*** Opening GIVEN DATA ***
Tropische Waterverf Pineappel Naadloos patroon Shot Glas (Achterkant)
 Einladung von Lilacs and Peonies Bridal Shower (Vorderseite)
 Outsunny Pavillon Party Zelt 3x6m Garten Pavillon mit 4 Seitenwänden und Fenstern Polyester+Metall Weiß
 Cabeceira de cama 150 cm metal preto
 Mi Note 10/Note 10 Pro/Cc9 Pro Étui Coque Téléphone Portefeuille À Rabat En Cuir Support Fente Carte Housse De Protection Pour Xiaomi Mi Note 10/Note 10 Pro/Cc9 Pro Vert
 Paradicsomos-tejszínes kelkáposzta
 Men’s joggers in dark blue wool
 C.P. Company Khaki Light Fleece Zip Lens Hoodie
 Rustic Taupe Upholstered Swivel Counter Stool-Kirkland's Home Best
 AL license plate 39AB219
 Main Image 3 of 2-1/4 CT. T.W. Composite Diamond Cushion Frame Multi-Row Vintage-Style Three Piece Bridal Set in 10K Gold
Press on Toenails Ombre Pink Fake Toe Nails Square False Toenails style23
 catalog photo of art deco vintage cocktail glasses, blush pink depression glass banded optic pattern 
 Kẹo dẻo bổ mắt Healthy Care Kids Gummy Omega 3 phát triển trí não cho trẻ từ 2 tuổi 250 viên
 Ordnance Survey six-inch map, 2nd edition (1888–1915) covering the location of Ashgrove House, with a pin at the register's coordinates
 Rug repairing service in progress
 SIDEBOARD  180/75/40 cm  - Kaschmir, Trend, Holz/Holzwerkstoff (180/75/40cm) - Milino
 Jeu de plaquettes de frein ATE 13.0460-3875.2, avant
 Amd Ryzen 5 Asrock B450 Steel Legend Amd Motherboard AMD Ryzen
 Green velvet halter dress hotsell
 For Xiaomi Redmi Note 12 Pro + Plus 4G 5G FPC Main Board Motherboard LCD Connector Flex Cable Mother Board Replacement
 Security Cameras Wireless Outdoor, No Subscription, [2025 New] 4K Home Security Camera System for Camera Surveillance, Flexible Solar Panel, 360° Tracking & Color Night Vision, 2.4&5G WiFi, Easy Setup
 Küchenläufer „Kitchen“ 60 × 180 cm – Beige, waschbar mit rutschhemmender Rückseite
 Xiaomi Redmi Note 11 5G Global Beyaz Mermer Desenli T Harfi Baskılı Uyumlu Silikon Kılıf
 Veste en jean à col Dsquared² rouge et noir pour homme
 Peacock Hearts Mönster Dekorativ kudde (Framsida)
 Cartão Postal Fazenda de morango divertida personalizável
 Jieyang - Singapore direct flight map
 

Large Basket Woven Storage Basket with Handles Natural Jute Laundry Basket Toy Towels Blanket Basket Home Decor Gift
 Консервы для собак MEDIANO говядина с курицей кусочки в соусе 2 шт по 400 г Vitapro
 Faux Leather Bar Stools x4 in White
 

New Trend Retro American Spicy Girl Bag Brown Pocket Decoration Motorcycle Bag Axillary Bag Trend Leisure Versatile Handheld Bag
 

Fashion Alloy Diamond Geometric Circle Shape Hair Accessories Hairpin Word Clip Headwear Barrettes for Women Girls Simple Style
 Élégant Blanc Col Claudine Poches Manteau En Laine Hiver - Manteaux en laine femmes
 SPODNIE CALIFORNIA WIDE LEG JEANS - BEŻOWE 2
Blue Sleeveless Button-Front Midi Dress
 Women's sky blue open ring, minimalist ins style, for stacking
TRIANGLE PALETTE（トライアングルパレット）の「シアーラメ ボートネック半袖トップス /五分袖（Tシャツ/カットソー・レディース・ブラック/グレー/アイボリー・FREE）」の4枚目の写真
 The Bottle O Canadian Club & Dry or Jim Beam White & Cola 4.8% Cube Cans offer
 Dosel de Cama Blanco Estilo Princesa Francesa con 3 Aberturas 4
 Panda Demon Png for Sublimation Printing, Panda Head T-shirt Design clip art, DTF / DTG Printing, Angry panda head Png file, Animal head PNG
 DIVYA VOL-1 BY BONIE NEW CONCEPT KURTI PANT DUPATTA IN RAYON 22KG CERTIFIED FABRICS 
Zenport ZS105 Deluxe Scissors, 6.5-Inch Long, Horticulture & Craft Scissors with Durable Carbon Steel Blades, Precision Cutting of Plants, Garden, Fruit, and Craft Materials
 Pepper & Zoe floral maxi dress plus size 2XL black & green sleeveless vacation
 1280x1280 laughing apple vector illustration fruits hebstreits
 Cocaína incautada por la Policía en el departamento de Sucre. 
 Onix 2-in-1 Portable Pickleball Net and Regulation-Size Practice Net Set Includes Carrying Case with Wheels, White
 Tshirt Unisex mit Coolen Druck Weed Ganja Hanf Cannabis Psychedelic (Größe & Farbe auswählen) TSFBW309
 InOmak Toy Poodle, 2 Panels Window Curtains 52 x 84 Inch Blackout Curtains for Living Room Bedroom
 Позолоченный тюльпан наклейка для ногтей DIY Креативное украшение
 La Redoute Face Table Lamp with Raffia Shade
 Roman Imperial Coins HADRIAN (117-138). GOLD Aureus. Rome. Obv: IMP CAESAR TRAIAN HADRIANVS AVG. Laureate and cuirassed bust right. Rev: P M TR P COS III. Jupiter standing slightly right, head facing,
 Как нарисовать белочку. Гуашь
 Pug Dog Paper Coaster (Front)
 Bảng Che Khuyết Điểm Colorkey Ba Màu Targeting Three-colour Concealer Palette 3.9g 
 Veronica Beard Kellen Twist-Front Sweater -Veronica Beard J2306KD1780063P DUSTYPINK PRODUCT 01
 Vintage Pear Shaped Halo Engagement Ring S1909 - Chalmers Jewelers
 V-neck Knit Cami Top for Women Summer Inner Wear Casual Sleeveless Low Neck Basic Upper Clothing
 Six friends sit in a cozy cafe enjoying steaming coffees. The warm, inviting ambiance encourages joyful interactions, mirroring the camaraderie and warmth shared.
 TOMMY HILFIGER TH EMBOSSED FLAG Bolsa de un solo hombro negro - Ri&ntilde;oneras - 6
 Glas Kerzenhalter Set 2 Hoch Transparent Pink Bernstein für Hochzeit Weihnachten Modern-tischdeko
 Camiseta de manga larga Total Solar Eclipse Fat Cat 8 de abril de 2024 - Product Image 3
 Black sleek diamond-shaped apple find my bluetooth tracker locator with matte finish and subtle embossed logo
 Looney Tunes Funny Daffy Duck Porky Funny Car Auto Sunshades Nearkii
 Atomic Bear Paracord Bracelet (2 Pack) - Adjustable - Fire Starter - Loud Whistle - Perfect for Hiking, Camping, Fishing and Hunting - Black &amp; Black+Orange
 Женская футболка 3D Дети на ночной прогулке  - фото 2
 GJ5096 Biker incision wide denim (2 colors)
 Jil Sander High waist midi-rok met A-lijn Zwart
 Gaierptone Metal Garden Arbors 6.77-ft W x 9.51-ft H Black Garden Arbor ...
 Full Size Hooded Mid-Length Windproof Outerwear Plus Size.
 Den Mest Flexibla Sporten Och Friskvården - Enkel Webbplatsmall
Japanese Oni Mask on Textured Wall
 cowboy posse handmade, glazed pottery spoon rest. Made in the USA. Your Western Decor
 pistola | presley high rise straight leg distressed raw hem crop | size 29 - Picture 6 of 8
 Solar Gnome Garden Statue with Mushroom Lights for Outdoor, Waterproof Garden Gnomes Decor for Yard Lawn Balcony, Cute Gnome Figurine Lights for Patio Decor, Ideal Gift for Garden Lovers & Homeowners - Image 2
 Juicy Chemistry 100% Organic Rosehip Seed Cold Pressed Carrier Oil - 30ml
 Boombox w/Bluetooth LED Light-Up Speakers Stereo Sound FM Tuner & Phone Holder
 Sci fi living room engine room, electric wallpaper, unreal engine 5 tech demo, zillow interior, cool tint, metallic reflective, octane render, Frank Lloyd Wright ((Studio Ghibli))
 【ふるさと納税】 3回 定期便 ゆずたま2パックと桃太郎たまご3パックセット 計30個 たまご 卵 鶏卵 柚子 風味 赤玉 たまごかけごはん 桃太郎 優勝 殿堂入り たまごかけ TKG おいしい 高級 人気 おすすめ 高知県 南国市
*** Closing GIVEN DATA ***
» EXERCISE REQUIREMENTS
Pull out all lines from the entries above that include the word "White".

» EXERCISE SOLUTION
 Faux Leather Bar Stools x4 in White
 The Bottle O Canadian Club & Dry or Jim Beam White & Cola 4.8% Cube Cans offer
 Onix 2-in-1 Portable Pickleball Net and Regulation-Size Practice Net Set Includes Carrying Case with Wheels, White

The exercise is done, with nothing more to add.